Activity Three
This activity is to accompany Unit Two of the Curriculum Guide.
Incorporating the C.E.L.s:
Concept Application Lesson for:
- Decision Making
- Totalitarianism
- Democracy
- Rights
- Accountability
This concept application activity permits students to identify the critical attributes of totalitarian and democratic forms of government. The activity allows students to develop criteria to determine the allocation of individual and collective rights.
Knowledge Objectives
The student will:
- know that within each society, there exists an interplay between individual needs and rights and collective needs and rights;
- know that totalitarian regimes place restrictions on the rights of individual citizens and the involvement of individual citizens in national decision making;
- know that in totalitarian states, public participation/influence in the national decision- making process is limited;
- know that within democracies, restrictions on the actions of individual citizens exist;
- know that within democracies, the elected leadership is held accountable for its decisions through such mechanisms as regular and free elections; and,
- know that within democracies, the general public can influence decision-making processes.
Skills Development
The student will:
- practise the analyzing similarities and differences between paradigms;
- practise using the critical attributes of concepts and values as criteria to make decisions and evaluations;
- practise using the following analytical skills:
- defining the main parts,
- defining cause and effect relationships, and
- defining how the parts of the whole are related to each other; and,
- practise applying criteria about the ideals of justice to actual situations.
Values Issues
The student will:
- discuss the impact on the individual of being a citizen of a totalitarian state;
- discuss the "rights" that distinguish a democracy from a totalitarian form of government;
- discuss whether the rights of the individual should supersede the collective rights of the state; and,
- discuss whether the collective rights of the state should supersede the rights of the individual.
Outline of the Activity
Ask the students to identify the activities that should be regulated by government and the activities that should not be regulated by government.
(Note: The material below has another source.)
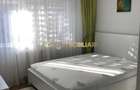 3 Camere de inchiriat | Tineretului | Metrou | 2 bai | Petfriendly - 3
Attempt to identify criteria that would determine the activities that should be regulated.
Issues that could be considered include:
- Does the activity represents a physical danger to the participants or other citizens?
- Does the activity represent a significant danger to the existence or well-being of the society?
- Does the activity represents a challenge to the community's moral/social code?
- Does government intervention represent a limitation on the "rights" of the individual?
- What are the "rights" of a citizen in a democracy?
Have the students, working in groups, prepare a "Bill of Rights" which identifies the rights that each citizen of the society possesses.
Each group is to:
- prepare criteria that indicates when government intervention or regulation would be justified;
- indicate situations in which the "rights" of the citizens would have to limited;
- indicate whether all citizens within the society are entitled to equal rights; and,
- indicate whether the "list" of rights will be affected by technological, environmental or other developments.
Groups will present their "Bill of Rights" and their criteria to the class.
- The class could discuss the various "Bills" and debate the presence or absence of specific rights.